La actividad más inútil

A las seis de la mañana todo es oscuro. Cuando suena el despertador salto de la cama sin mucha pereza. Hace ya tiempo que no enciendo la radio. Prefiero empezar el día en silencio. La ducha caliente se encarga de recordarme que hace muchos años fui bautizado en un agua renovadora. Merece la pena empezar el día como un hijo de Dios, un consagrado. Es la clave del pentagrama diario. Desde ella adquieren sentido todas las notas que vayan sonando a lo largo de la jornada. Nadie podrá arrebatarme mi dignidad de hijo, ni siquiera mi propia torpeza. A eso de las seis y media me dirijo a la pequeña capilla que dista unos catorce metros de mi habitación. A esa hora temprana no hay nadie. ¿Nadie? Está la presencia eucarística de Jesús en el sagrario. Me lo recuerda la lucecita roja siempre encendida. 

Me siento en mi silla, bastante más incómoda que la que tenía en Roma. Respiro hondo varias veces mientras tomo conciencia de que no estoy solo. Repito en voz baja: “Señor Jesús, ten misericordia de mí”. Luego me dejo llevar. A veces me asaltan algunas preguntas: ¿Existirá de verdad este Dios al que no veo ni oigo? ¿Llevaré años engañándome a mí mismo mediante una especie de autosugestión? ¿Qué hago aquí “perdiendo el tiempo” mientras mucha gente duerme o está yendo al trabajo? ¿Para qué sirve esta hora en silencio y soledad?

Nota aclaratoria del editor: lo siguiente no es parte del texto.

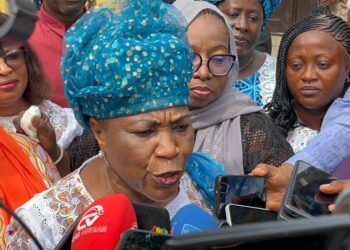 Présidentielle 2025 : Makalé Camara dépose sa candidature et plaide pour une gouvernance féminine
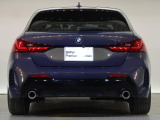 BMWのお車は、走行の安定性とコーナリングの良さを追求し、思い通りにハンドルの操作可能です。試乗車もご用意しておりますので、ぜひ&ldquo;駆け抜ける歓びをご体感ください!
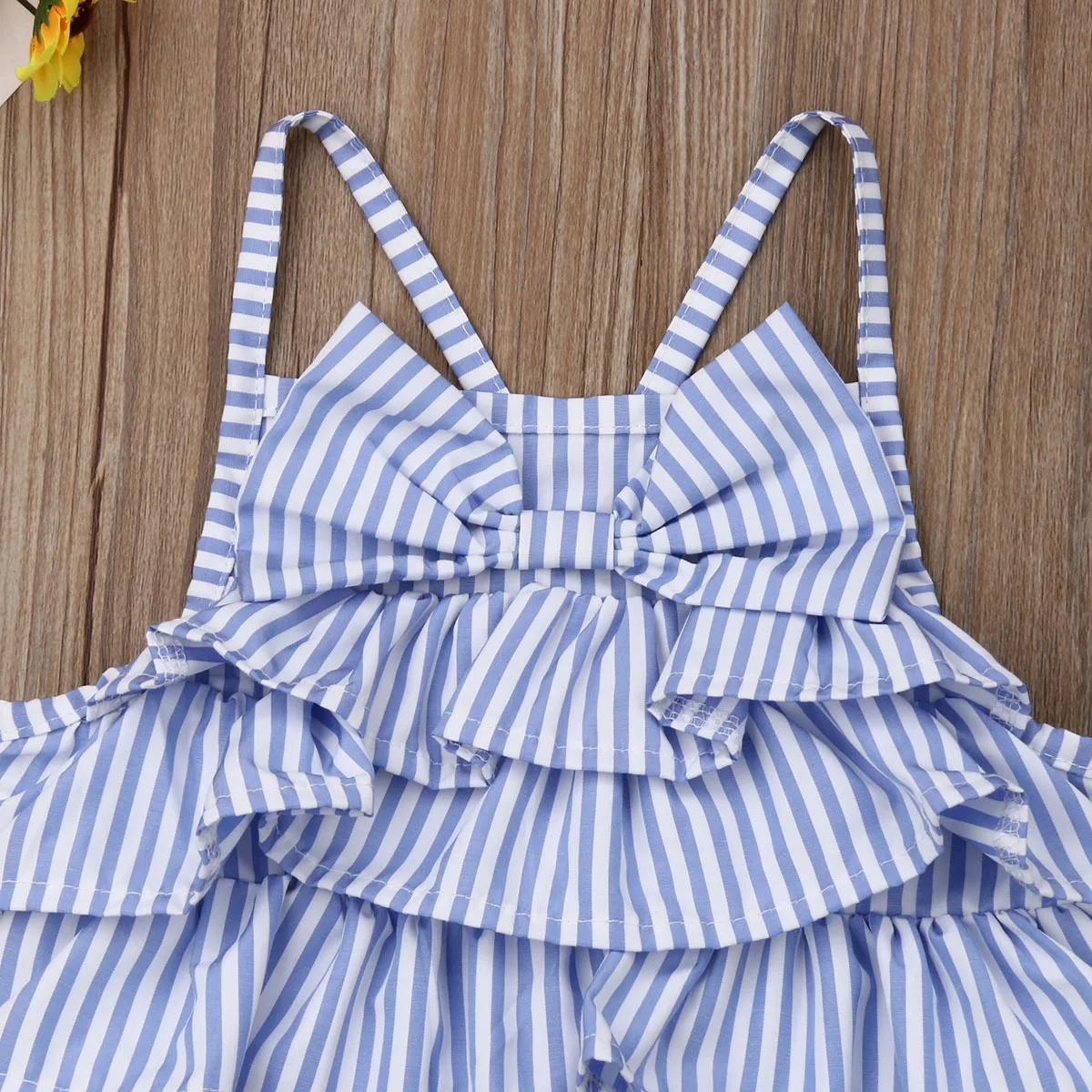 Одежда для новорожденных девочек комбинезон на лямках с оборками летняя одежда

Cuando han pasado unos diez o quince minutos, empiezan a desfilar por mi mente los rostros de las personas que están atravesando situaciones especiales. Le cuento a Dios lo que él ya sabe. Se lo cuento con una confianza infantil que a veces se parece mucho a la falta de responsabilidad. Es como si le dijera: “Hazte cargo de lo que está viviendo esta persona porque yo no sé muy bien qué puedo hacer”. Nunca he escuchado una respuesta nítida, pero intuyo que, en más de un caso, Dios podría responderme: “Te he hecho a ti. Sé mis ojos y mis manos”. Sigo en silencio y siguen desfilando rostros y nombres. Esta fase interpersonal no falta nunca.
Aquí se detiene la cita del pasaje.